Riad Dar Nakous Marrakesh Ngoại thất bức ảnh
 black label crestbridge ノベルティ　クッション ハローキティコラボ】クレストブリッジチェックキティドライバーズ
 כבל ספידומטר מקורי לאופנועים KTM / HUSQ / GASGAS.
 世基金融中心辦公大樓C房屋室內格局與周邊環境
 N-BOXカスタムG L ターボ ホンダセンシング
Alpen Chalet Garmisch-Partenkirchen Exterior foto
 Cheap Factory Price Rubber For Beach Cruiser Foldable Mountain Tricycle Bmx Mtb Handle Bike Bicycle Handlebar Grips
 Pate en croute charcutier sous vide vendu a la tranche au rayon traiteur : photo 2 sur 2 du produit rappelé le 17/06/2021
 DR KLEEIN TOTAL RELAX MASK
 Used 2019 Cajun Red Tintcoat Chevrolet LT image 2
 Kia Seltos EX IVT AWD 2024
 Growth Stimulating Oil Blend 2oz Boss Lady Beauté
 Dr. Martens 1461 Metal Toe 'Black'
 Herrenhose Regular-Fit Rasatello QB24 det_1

——————————

## [THE PROBLEM]
Could you reproduce, exactly, every line above from the line with "N-BOXカスタムG L ターボ ホンダセンシング" to the line with "Pate en croute", and no other line? Both ends count.

## [EXPECTED ANSWER]
 N-BOXカスタムG L ターボ ホンダセンシング
Alpen Chalet Garmisch-Partenkirchen Exterior foto
 Cheap Factory Price Rubber For Beach Cruiser Foldable Mountain Tricycle Bmx Mtb Handle Bike Bicycle Handlebar Grips
 Pate en croute charcutier sous vide vendu a la tranche au rayon traiteur : photo 2 sur 2 du produit rappelé le 17/06/2021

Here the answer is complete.